- **DATA SEGMENT**:
*-*-*
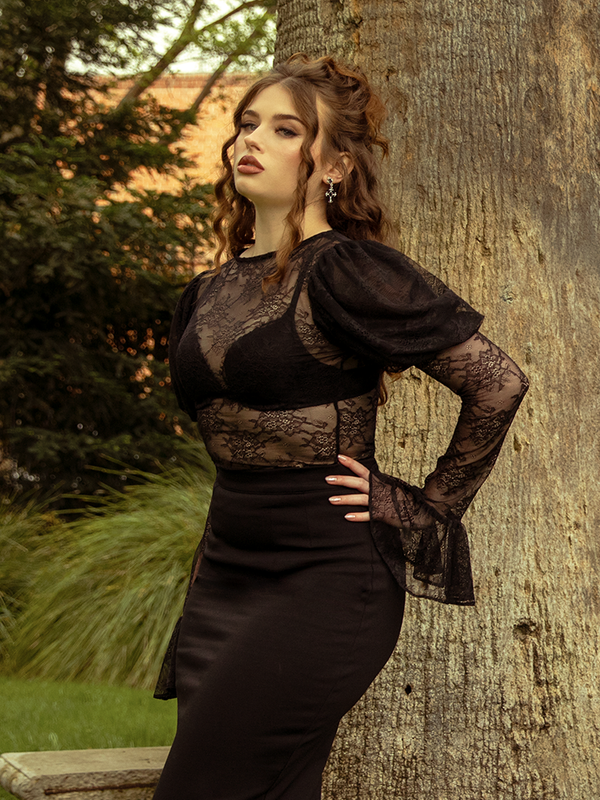 The Juliet Lace Top in Black blends romance and shadow, its lace design exuding a hauntingly graceful presence.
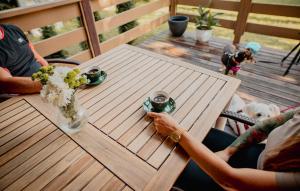 two people sitting at a table on a deck with a dog at Holiday Home Ostróda Rus Mala Ii in Ostróda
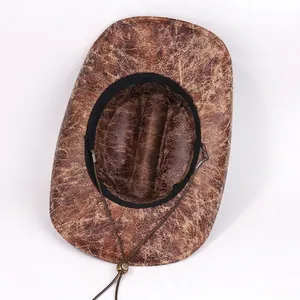 Vintage brown western cowboy hat with suede texture and adjustable chin strap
*-*-*
- **ASSIGNMENT**: Without changing a single word, set down all of the material again and leave out its pictures.

- **SOLUTION**:
 The Juliet Lace Top in Black blends romance and shadow, its lace design exuding a hauntingly graceful presence.
 two people sitting at a table on a deck with a dog at Holiday Home Ostróda Rus Mala Ii in Ostróda
 Vintage brown western cowboy hat with suede texture and adjustable chin strap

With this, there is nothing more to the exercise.